Principal Component Analysis

PCA (Principal Component Analysis) is a technique that finds the directions of maximum variance in your data, then projects the data onto those directions — reducing dimensions while keeping as much information as possible.

1. Mean centering

\[\bar{\mathbf{x}} = \frac{1}{n} \sum_{i=1}^{n} \mathbf{x}_i\]

\[\tilde{\mathbf{x}}_i = \mathbf{x}_i - \bar{\mathbf{x}}\]

2. Covariance matrix

\[\mathbf{C} = \frac{1}{n-1} \sum_{i=1}^{n} \tilde{\mathbf{x}}_i \tilde{\mathbf{x}}_i^\top = \frac{1}{n-1} \tilde{\mathbf{X}}^\top \tilde{\mathbf{X}}\]

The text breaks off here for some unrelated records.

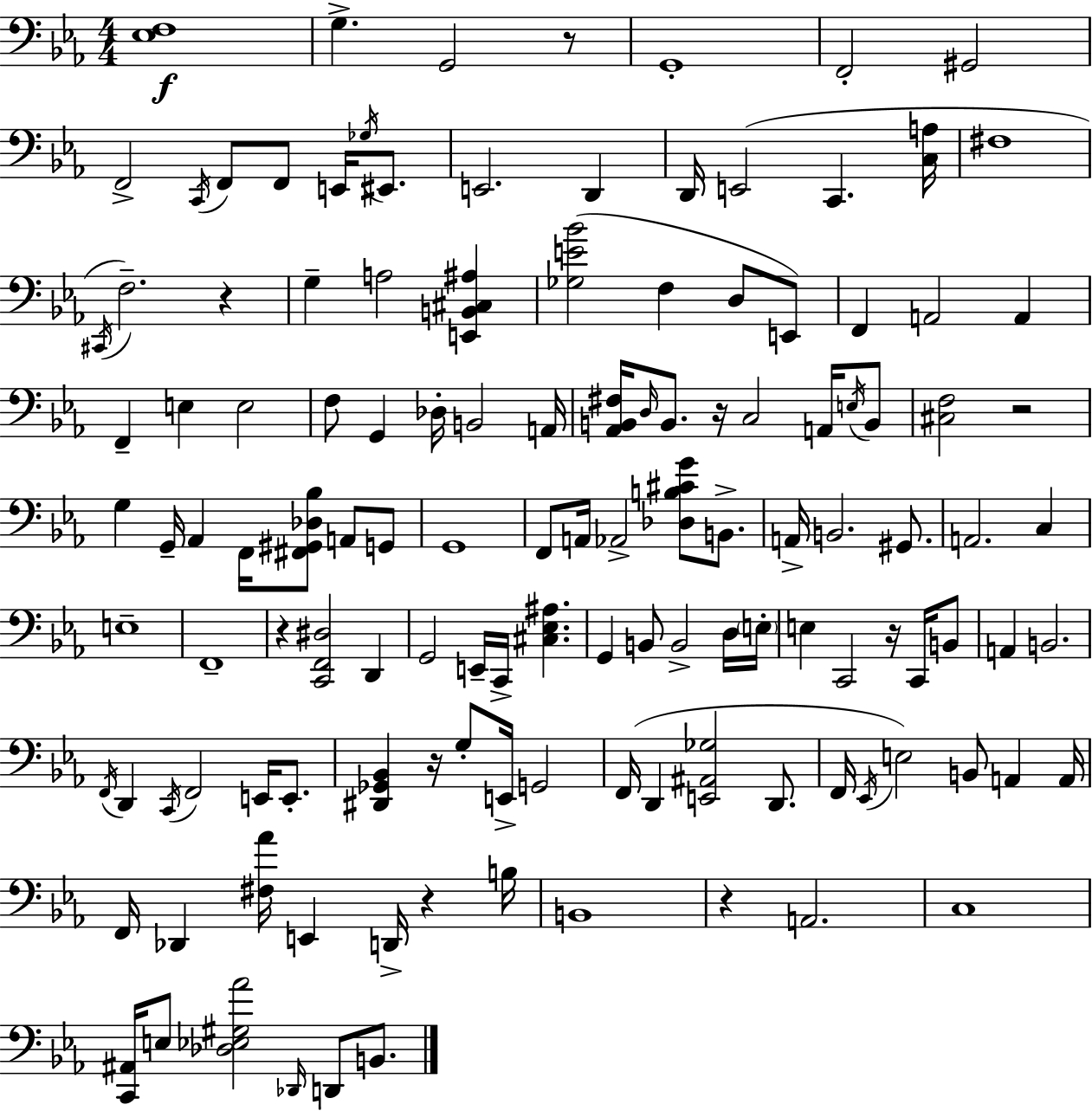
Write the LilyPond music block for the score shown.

{
  \clef bass
  \numericTimeSignature
  \time 4/4
  \key c \minor
  \repeat volta 2 { <ees f>1\f | g4.-> g,2 r8 | g,1-. | f,2-. gis,2 | \break f,2-> \acciaccatura { c,16 } f,8 f,8 e,16 \acciaccatura { ges16 } eis,8. | e,2. d,4 | d,16 e,2( c,4. | <c a>16 fis1 | \break \acciaccatura { cis,16 } f2.--) r4 | g4-- a2 <e, b, cis ais>4 | <ges e' bes'>2( f4 d8 | e,8) f,4 a,2 a,4 | \break f,4-- e4 e2 | f8 g,4 des16-. b,2 | a,16 <aes, b, fis>16 \grace { d16 } b,8. r16 c2 | a,16 \acciaccatura { e16 } b,8 <cis f>2 r2 | \break g4 g,16-- aes,4 f,16 <fis, gis, des bes>8 | a,8 g,8 g,1 | f,8 a,16 aes,2-> | <des b cis' g'>8 b,8.-> a,16-> b,2. | \break gis,8. a,2. | c4 e1-- | f,1-- | r4 <c, f, dis>2 | \break d,4 g,2 e,16-- c,16-> <cis ees ais>4. | g,4 b,8 b,2-> | d16 \parenthesize e16-. e4 c,2 | r16 c,16 b,8 a,4 b,2. | \break \acciaccatura { f,16 } d,4 \acciaccatura { c,16 } f,2 | e,16 e,8.-. <dis, ges, bes,>4 r16 g8-. e,16-> g,2 | f,16( d,4 <e, ais, ges>2 | d,8. f,16 \acciaccatura { ees,16 }) e2 | \break b,8 a,4 a,16 f,16 des,4 <fis aes'>16 e,4 | d,16-> r4 b16 b,1 | r4 a,2. | c1 | \break <c, ais,>16 e8 <des ees gis aes'>2 | \grace { des,16 } d,8 b,8. } \bar "|."
}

where \(\tilde{\mathbf{X}} \in \mathbb{R}^{n \times d}\) is the centered data matrix.

3. Eigendecomposition

\[\mathbf{C} \mathbf{v}_k = \lambda_k \mathbf{v}_k, \quad k = 1, \dots, d\]

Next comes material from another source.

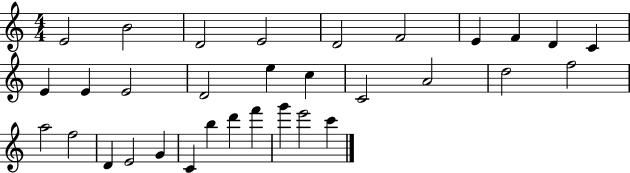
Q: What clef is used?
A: treble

with the eigenvectors ordered such that \(\lambda_1 \geq \lambda_2 \geq \cdots \geq \lambda_d \geq 0\).

4. Principal components matrix

\[\mathbf{V}_K = \begin{bmatrix} \mathbf{v}_1 & \mathbf{v}_2 & \cdots & \mathbf{v}_K \end{bmatrix} \in \mathbb{R}^{d \times K}\]

5. Projection (encoding)

\[\mathbf{Z} = \tilde{\mathbf{X}} \mathbf{V}_K \in \mathbb{R}^{n \times K}\]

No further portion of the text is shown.